Aston Martin

Chefs wollen selbst kaufen

Foto: Beate Jeske

Die britische Luxussportwagenmarke Aston Martin könnte künftig Eigentum des Managements sein. Nachdem Verkaufspläne des amerikanischen Mutterkonzerns Ford bekannt geworden waren, versuche Vorstandsvorsitzender Ulrich Bez nun ein Käuferkonsortium zusammen zu bekommen, berichtet die "Sunday Times".

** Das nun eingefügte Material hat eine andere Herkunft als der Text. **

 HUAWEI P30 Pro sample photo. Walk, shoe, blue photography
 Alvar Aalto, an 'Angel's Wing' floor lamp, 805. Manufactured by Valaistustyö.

Der angeschlagene US-Autobauer Ford will Aston Martin nach eigenen Angaben als "attraktive Möglichkeit zur Kapitalbeschaffung und Wertsteigerung" auf den Markt bringen. Die "Sunday Times" bezog sich auf "hochrangige Quellen" bei Ford. Danach gebe es neben dem Aston-Martin-Chef auch in den USA bereits Kaufinteresse seitens einer privaten Finanzierungsgesellschaft unter dem früheren leitenden Ford-Manager Jacques Nasser.

Bez wollte sich nach Angaben der "Sunday Times" nicht dazu äußern. Er gehe aber in jedem Fall davon aus, auch künftig eine leitende Rolle bei dem legendären Sportwagenbauer zu spielen. Pro Jahr werden von den Luxuswagen, die unter anderem durch die "James Bond"-Filme bekannt wurden, zum Preis von rund 100.000 Pfund (145.000 Euro) knapp 5.000 Stück ausgeliefert. Ford hatte 1987 drei Viertel der Anteile an Aston Martin gekauft und das Traditionsunternehmen 1994 vollständig übernommen. Bislang ist nicht bekannt, für welchen Preis es auf den Markt kommen soll.